Stu made chocolate pudding for his niece so much, it soon possessed his mind, and all what he could think about was chocolate pudding.
His wife tried to snap him out of it, but she was not successful.
When Stu offered the pudding to his niece, she said she was hungry. So for some reason Stu went back downstairs to make more chocolate pudding, and when he brought it back upstairs, he finally snapped, and screamed at the top of his lungs.
He then began imaging strange songs in his head.
“Anata wa ima doko de nani wo shite imasu ka? Kono sora no tsuzuku basho ni imasu ka?”
What's it like knowing no one will ever love you?
What's it like knowing no one respects you?
What's it like knowing you'll probably kill yourself before hitting 30?
What's it like, never filling that void, the one deep inside your heart?
The sex between the vampire Earl Sandwich and the canine Tiger Arbelt was a truly disturbing sight. It was horrible, capable of driving anyone who saw such an abomination mad. The women ran in terror, men did their best to try and stop it, but to no avail. Eventually, the desperate townsfolk called upon a specialist to deal with this situation.
They received two.
Ichigo Kurosaki and Ronove approached the two and tried to stop them, but Ichigo was immediately disintegrated but the sheer force of the sex, and Ronove had no choice but to leave.
Eventually, the two “lovers” stopped fucking, and piece was restored to the land.

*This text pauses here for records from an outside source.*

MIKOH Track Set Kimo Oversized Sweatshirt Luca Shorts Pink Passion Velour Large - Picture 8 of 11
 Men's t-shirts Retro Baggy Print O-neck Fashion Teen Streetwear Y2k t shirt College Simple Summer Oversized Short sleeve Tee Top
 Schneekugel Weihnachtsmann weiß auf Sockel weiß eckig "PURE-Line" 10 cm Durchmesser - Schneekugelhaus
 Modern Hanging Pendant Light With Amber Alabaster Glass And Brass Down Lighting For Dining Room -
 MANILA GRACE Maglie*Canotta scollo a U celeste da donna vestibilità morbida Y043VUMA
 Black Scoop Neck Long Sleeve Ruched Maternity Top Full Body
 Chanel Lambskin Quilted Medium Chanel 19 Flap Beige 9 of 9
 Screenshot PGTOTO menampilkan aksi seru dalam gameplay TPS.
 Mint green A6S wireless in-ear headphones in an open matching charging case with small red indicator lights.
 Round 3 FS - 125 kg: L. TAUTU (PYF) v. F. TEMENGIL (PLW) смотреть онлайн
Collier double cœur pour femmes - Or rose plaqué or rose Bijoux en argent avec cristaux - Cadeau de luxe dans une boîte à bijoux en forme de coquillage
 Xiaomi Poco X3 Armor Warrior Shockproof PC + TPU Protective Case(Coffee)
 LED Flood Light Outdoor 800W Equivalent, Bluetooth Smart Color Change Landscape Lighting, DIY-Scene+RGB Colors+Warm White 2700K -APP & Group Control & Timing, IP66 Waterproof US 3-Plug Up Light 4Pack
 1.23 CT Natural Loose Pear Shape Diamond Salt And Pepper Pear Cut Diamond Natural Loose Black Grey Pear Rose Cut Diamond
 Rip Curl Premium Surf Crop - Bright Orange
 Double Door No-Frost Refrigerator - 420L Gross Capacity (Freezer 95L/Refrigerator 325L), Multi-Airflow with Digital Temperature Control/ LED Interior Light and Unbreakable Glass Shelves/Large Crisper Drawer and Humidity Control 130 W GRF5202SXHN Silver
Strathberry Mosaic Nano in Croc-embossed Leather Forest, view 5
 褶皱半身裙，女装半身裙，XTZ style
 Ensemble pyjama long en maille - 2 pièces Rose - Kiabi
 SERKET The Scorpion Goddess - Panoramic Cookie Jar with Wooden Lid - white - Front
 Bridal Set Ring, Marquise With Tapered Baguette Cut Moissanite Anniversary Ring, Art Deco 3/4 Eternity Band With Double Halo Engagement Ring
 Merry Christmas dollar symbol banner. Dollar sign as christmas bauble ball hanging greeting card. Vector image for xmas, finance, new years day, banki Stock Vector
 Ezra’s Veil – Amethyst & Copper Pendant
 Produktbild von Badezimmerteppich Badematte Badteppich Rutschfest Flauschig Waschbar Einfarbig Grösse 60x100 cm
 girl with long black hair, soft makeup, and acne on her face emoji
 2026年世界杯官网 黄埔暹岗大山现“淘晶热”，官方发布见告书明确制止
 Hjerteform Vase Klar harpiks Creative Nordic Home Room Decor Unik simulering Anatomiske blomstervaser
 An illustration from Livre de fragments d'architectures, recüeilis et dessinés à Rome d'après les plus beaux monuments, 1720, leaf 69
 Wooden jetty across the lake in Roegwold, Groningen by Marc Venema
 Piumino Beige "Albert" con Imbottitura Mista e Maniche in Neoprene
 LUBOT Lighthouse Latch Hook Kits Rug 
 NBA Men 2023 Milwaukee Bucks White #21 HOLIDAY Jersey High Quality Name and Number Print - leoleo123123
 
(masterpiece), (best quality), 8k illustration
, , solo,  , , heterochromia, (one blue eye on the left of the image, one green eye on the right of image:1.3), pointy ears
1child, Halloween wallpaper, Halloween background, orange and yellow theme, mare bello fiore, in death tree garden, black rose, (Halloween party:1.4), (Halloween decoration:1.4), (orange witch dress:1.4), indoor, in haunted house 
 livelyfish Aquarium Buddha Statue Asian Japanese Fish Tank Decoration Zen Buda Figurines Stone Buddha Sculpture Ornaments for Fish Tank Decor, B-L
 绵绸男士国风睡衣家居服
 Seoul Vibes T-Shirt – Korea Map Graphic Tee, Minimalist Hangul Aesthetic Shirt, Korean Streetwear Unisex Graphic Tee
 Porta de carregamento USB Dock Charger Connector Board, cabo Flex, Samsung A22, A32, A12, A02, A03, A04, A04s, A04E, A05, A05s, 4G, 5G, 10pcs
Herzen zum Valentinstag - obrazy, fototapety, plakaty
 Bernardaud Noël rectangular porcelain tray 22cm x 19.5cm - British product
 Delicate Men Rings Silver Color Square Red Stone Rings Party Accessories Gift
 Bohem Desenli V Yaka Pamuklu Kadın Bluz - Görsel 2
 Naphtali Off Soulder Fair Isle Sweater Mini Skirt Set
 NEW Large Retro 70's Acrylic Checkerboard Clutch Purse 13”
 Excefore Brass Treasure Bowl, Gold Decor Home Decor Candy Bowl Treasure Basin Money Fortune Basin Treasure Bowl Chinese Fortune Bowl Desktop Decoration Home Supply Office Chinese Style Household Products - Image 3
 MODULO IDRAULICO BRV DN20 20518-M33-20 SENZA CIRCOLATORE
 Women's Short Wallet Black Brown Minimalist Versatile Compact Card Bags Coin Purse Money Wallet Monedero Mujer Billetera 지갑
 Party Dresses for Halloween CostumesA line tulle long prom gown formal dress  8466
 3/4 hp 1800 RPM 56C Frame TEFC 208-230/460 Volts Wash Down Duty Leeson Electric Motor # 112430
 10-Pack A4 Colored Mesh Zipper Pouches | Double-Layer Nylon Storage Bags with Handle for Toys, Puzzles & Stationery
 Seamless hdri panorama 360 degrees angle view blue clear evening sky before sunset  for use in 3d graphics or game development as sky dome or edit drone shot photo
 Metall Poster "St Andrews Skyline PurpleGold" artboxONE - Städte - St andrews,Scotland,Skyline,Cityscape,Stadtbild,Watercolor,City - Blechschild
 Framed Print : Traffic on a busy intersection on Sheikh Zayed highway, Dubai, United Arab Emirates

The rest of the sandwich clan returned to the house, completely oblivious to what had happened despite what the other townsfolk told them.
“Let’s go play outside Peanut.” Grape said. But in reality, they went into Peanut’s room and fucked.
Meanwhile, a small band of angry fans stormed into OP’s private chambers and began to beat him with red hot iron rods.
There's some shit going on /b/ right now. It's like a Civil War going on /b/. And there is two sides, oldfags and newfags, and newfags have go to go. Anytime oldfags want to have a good time ignorant ass newfags fucking it up. Can't do shit! Can't do SHIT, without some ignorant ass fucking it up! Can't do nothing! Can't make some original content thread open more than 100 posts. Grand opening...grand closing. Can't see cool posts on the front page... WHY? Because newfags are talking about THE BEST.
Check me out guys!! I'm OP too! AMA!
Am I a giant faggot? yes
apperently she was (is)? a cam whore, but was pregnant??,her insta is weird mostly all photos are filtered and cant see shit
She is a common street whore. If there was a choice between saving my $150 headphones or her life, I'd not think twice and pick the former.
Being a degenerate has no redeeming value.